Your answer must consist of the records below, reproduced exactly, with every picture removed.

Records for this exercise Block Start

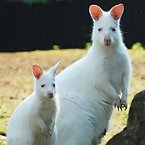 Albino Animals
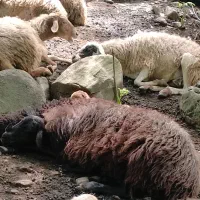 گوسفند با بره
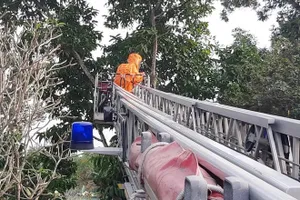 Cảnh sát PCCC TP Thủ Đức xử lý 10 tổ ong vò vẽ sát nhà dân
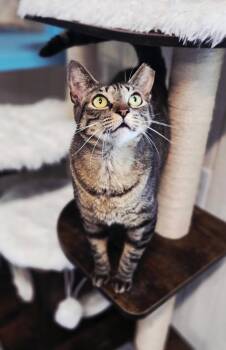 Lila -  Domestic Short Hair Cat for Adoption in Houston, Texas - Lila | PetCurious
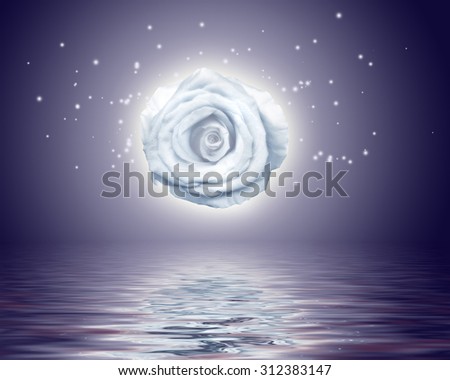 Rose - the moon reflected in the water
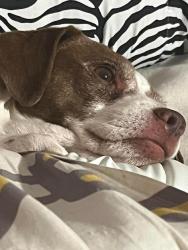 Lost Female Dog last seen 24th st Texarkana ar 71854, Texarkana, AR 71854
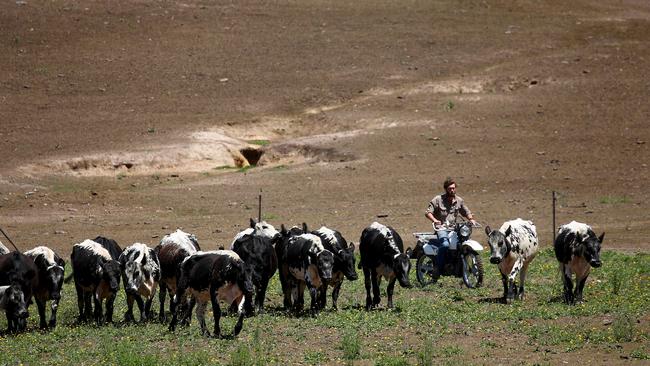 Drought in NSW has prompted farmers to stack less money away in Farm Management Deposits than a year ago.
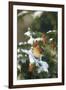 Northern Cardinal Female in Spruce Tree in Winter, Marion, Il-Richard and Susan Day-Framed Photographic Print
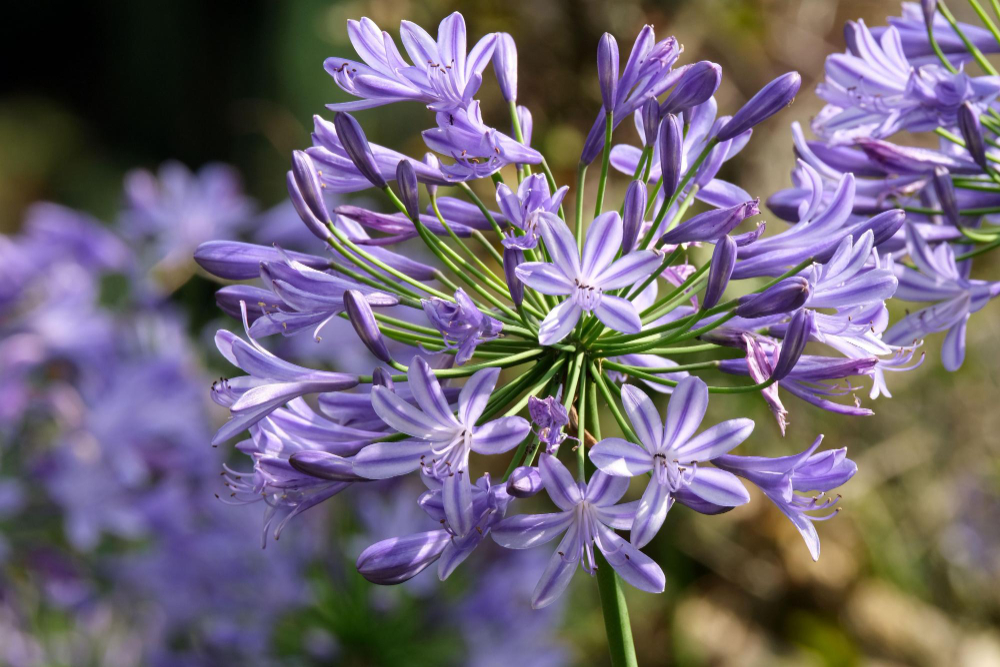 Senas sodininkų triukas, kad agapantas geriau žydėtų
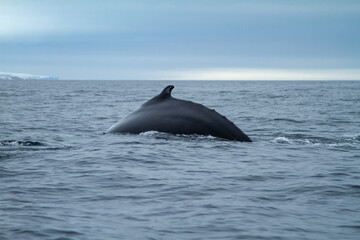 Fototapeta premium Humpback Whale in Arctic Waters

Records for this exercise Block End

» Result of the exercise:
 Albino Animals
 گوسفند با بره
 Cảnh sát PCCC TP Thủ Đức xử lý 10 tổ ong vò vẽ sát nhà dân
 Lila -  Domestic Short Hair Cat for Adoption in Houston, Texas - Lila | PetCurious
 Rose - the moon reflected in the water
 Lost Female Dog last seen 24th st Texarkana ar 71854, Texarkana, AR 71854
 Drought in NSW has prompted farmers to stack less money away in Farm Management Deposits than a year ago.
 Northern Cardinal Female in Spruce Tree in Winter, Marion, Il-Richard and Susan Day-Framed Photographic Print
 Senas sodininkų triukas, kad agapantas geriau žydėtų
 Fototapeta premium Humpback Whale in Arctic Waters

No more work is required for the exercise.